Reward Model Loss from Pairwise Human Preferences
RLHF, Reward Modeling & Human Feedback DS practice problem on Onlearn.
Difficulty: medium.
Topics: Reward Model Loss from Pairwise Human Preferences, Bradley-Terry Model, Log-Sigmoid Activation, Cross-Entropy Loss, Monte Carlo Sampling, KL-Divergence Regularization, Reinforcement Learning, Supervised Learning, Optimization Theory, Probability and Statistics, Natural Language Processing, Preference Modeling, Stochastic Gradient Descent, Bayesian Inference, Sequence Modeling, Loss Function Design.
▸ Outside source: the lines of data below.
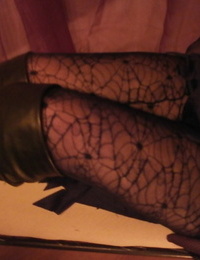 Slutty mature witch Caro looks super sexy in her black boots and pantyhose
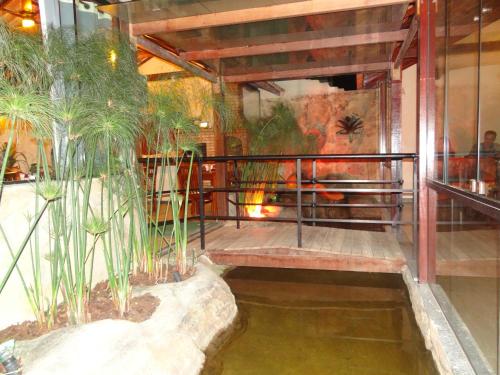 a room with a pool of water with plants in it at Pousada Bon Vivant in Cabo Frio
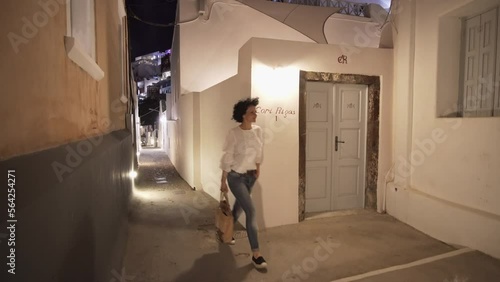 Woman walks on narrow Cori Rigas street in Fira, Santorini at night photo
In Reinforcement Learning from Human Feedback (RLHF), a reward model is trained to predict human preferences between pairs of responses. Given a dataset of preference pairs where humans have indicated which response they prefer (chosen) over another (rejected), the reward model learns to assign higher scalar scores to preferred responses. Implement a function that computes the reward model training loss and accuracy given arrays of reward scores for chosen and rejected responses. The function should: Accept lists of reward scores for chosen (preferred) responses and rejected (non preferred) responses of equal length Accept an optional margin parameter (default 0.0) that encourages a minimum gap between chosen and rejected scores Return a dictionary with two keys: 'loss': the average negative log sigmoid of the score differences (with margin subtracted), rounded to 4 decimal places 'accuracy': the fraction of pairs where the chosen reward strictly exceeds the rejected reward, rounded to 4 decimal places Your implementation should be numerically stable for both very large and very small score differences.